For the immediate impact and the long-term upside, the 2022 class looks like the best of the decade thus far.

Best draft pick: A.J. Terrell, 2020


Terrell was not a universally welcomed selection at No. 16 in 2020—that’s putting it mildly—and his rookie season was promising but not universally praised, either. His huge breakout season in 2021, where he catapulted himself into the conversation about the best young corners in football, changed that perception immensely, and another quality if injury-marred seasons in 2023 affirmed that he’s a damn good player.

The sole slam dunk great pick of the 2020s thus far—I’m optimistic about Pitts being viewed as one in hindsight, and the 2022 class looks very good—Terrell was also the last great selection of the previous regime. He’s a long-term high-end starter for Atlanta.

Worst draft class: 2020

Thus far, this class is Terrell and a couple of solid short-term starters/useful reserves.

Terrell is terrific, but second round pick Marlon Davidson is already off the team, third round pick Matt Hennessy is a possible starter at left guard but not a sure one and is coming off a season where he was injured and lost the center job to Drew Dalman, Mykal Walker was a presumptive starter who lost that role after uneven performances early in the year, and Jaylinn Hawkins was a fine starter who appears ticketed for a reserve role in 2023. Sterling Hofrichter punted for one year in Atlanta and then the team cut ties with him.

All told, that’s one long-term starter, two players off the team within three seasons, and what’s likely to be a group of backups over the long haul unless Walker and Hennessy can break into starting roles again this year. It’s too early to pass judgement on the promising 2022 class and the 2021 class has produced three more or less locked in starters (Kyle Pitts, Richie Grant, Drew Dalman) and a couple of useful role players (Ta’Quon Graham, elite punt returner Avery Williams), so 2020 takes the “crown.”

Worst draft pick: Marlon Davidson, 2020

For the picks who don’t pan out, it’s usually one of three stories: Outright ineffectiveness (Aundray Bruce, Bruce Pickens), off-field troubles (Jalen Collins’ endless suspensions), or injuries (Peria Jerry, Joe Profit, etc.). Davidson falls into the last camp.

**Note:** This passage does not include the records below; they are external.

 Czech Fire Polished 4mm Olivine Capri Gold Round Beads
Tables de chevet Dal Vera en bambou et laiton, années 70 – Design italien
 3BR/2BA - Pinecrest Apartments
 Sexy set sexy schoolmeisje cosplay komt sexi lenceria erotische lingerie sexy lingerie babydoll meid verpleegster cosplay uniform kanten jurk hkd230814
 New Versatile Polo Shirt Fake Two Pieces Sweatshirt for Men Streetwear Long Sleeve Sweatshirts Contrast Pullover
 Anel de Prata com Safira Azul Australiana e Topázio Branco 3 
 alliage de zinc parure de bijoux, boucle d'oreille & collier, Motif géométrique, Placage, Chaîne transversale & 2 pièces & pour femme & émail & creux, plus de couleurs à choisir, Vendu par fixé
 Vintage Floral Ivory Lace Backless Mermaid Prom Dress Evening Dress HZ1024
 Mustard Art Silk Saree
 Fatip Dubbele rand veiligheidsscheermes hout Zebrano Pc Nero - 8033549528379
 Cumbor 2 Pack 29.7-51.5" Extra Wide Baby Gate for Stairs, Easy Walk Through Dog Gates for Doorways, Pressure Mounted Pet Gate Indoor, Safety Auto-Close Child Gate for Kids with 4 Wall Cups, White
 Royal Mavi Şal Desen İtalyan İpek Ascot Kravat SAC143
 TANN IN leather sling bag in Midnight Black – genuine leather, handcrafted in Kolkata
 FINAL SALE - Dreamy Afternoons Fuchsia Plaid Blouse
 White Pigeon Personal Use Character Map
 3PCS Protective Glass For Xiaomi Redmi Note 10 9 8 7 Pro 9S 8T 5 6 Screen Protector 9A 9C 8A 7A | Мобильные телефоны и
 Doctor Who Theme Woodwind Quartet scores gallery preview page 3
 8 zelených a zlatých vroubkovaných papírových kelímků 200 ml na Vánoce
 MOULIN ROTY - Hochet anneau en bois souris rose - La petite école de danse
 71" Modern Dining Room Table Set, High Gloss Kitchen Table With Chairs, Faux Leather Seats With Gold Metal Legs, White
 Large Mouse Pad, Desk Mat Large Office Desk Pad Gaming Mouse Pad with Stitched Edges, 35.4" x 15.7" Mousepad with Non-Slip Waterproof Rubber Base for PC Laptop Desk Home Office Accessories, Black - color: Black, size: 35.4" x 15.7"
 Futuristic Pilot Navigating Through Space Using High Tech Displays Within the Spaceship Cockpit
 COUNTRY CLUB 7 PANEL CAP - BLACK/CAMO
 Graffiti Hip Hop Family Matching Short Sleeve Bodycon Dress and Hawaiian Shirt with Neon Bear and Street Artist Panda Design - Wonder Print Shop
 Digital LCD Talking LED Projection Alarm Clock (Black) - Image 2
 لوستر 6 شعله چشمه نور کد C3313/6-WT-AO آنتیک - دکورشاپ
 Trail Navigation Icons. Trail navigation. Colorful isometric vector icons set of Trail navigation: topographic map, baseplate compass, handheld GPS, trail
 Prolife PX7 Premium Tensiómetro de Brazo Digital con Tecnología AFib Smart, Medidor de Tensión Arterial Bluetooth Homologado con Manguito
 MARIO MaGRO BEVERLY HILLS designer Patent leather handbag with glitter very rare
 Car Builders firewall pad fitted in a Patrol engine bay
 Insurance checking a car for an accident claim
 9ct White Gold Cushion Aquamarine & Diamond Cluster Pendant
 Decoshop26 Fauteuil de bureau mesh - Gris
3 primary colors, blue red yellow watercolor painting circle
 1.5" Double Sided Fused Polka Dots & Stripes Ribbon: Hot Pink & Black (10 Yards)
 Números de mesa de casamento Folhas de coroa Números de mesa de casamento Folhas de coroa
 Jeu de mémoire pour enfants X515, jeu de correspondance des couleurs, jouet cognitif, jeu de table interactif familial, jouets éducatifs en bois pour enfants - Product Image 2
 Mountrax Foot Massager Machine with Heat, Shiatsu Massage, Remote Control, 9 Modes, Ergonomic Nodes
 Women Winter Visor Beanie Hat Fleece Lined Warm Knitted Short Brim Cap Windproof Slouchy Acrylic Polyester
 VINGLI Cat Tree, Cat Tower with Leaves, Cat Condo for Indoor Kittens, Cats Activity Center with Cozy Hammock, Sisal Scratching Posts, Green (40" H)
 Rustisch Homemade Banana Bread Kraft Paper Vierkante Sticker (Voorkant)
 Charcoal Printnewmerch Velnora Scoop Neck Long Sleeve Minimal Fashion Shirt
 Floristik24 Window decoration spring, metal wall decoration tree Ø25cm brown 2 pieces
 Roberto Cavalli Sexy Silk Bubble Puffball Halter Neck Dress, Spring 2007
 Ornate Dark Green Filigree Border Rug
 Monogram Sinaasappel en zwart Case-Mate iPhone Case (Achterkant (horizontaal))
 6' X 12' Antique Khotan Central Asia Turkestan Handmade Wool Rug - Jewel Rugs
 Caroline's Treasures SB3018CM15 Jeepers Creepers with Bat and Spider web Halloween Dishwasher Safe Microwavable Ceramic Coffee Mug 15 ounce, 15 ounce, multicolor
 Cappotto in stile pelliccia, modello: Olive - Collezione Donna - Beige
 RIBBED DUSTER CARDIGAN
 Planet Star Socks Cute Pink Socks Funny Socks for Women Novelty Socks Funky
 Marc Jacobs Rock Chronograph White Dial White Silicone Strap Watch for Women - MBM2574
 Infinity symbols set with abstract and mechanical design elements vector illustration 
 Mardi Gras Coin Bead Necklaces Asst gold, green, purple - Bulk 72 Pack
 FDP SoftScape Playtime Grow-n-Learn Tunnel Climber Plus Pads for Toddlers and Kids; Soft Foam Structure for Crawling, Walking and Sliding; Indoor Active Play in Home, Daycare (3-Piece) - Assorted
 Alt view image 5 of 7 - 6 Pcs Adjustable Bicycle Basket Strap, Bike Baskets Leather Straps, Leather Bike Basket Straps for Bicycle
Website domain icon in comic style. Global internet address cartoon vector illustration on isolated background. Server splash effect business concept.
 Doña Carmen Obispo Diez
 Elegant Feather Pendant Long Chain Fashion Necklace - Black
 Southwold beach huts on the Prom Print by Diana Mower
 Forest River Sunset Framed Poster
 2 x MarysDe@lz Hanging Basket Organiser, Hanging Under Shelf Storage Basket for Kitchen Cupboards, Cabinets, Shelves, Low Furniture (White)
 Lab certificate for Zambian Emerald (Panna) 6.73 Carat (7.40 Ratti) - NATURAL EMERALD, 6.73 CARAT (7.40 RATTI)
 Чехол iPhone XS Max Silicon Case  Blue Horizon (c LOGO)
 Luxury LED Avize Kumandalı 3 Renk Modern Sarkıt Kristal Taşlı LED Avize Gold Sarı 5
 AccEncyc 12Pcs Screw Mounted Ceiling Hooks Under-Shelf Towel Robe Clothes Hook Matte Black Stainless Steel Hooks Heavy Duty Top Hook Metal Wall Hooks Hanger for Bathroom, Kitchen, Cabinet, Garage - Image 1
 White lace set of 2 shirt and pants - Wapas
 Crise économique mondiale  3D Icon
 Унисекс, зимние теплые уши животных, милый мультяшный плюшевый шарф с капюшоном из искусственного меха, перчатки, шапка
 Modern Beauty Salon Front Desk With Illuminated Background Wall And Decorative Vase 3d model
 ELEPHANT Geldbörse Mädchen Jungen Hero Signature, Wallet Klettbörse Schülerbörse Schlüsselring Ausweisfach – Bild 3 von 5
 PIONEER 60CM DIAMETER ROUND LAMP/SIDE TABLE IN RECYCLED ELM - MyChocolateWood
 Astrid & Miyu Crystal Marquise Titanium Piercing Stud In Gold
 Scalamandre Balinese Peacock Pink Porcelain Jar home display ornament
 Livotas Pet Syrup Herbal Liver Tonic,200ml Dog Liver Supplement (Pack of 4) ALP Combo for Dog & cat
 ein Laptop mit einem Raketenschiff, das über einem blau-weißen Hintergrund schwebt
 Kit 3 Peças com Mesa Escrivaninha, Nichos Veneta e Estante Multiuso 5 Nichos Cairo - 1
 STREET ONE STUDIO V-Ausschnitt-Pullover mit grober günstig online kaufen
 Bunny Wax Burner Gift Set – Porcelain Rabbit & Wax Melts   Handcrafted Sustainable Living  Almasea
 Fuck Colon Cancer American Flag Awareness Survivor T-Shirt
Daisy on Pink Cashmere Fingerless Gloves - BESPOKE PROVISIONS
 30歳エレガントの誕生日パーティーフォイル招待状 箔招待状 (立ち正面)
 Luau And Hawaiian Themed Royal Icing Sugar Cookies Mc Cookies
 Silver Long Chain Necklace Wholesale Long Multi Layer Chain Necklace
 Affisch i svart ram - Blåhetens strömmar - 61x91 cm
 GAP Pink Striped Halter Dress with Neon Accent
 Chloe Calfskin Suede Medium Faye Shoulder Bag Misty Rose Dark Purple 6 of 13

A well-regarded prospect—I remember the excitement when the Falcons drafted him—Davidson wound up playing in just 19 games for Atlanta. He had a couple of huge plays along the way, but was mostly no more than a quiet contributor when he was able to play, and injuries piled up to the extent that he was not healthy heading into the 2022 season. The Falcons cut ties with him and that was that, a shame for a talented player who figured to help a defensive line in need of talent.

Impact: TBD

Honestly, there’s so much we don’t know yet. The 2020 class has yielded one great starter and a handful of players who may figure into the long-term in Atlanta, the 2021 class three starters and some useful pieces of the puzzle, and the 2022 class several promising players. We’ll need at least 2023 and probably more seasons beyond it to determine the ultimate fate of the classes, but Dimitroff did well nabbing Terrell and Fontenot has largely done well adding contributors.

If this site and the Falcons still exist in 2030, it’ll be fun to re-visit this decade and take a closer look at how these classes and the many to come panned out. For now, we’ll just say we’ll have to wait and see, and we hope these classes fuel success in Atlanta unlike anything we’ve seen to this point.